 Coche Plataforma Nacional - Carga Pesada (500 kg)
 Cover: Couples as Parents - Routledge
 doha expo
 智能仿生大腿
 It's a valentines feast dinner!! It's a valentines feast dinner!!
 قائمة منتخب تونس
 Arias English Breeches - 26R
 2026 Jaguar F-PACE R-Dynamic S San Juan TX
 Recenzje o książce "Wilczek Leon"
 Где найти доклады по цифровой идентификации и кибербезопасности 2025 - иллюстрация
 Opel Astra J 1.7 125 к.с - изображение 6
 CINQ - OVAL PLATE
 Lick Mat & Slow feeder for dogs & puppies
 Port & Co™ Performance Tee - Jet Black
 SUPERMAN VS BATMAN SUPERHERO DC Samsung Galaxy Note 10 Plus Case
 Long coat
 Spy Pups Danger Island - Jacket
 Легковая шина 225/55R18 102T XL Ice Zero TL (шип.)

TASK OBJECTIVE
Copy the records. Each line should match exactly.

RESPONSE FOR THIS EXERCISE
 Coche Plataforma Nacional - Carga Pesada (500 kg)
 Cover: Couples as Parents - Routledge
 doha expo
 智能仿生大腿
 It's a valentines feast dinner!! It's a valentines feast dinner!!
 قائمة منتخب تونس
 Arias English Breeches - 26R
 2026 Jaguar F-PACE R-Dynamic S San Juan TX
 Recenzje o książce "Wilczek Leon"
 Где найти доклады по цифровой идентификации и кибербезопасности 2025 - иллюстрация
 Opel Astra J 1.7 125 к.с - изображение 6
 CINQ - OVAL PLATE
 Lick Mat & Slow feeder for dogs & puppies
 Port & Co™ Performance Tee - Jet Black
 SUPERMAN VS BATMAN SUPERHERO DC Samsung Galaxy Note 10 Plus Case
 Long coat
 Spy Pups Danger Island - Jacket
 Легковая шина 225/55R18 102T XL Ice Zero TL (шип.)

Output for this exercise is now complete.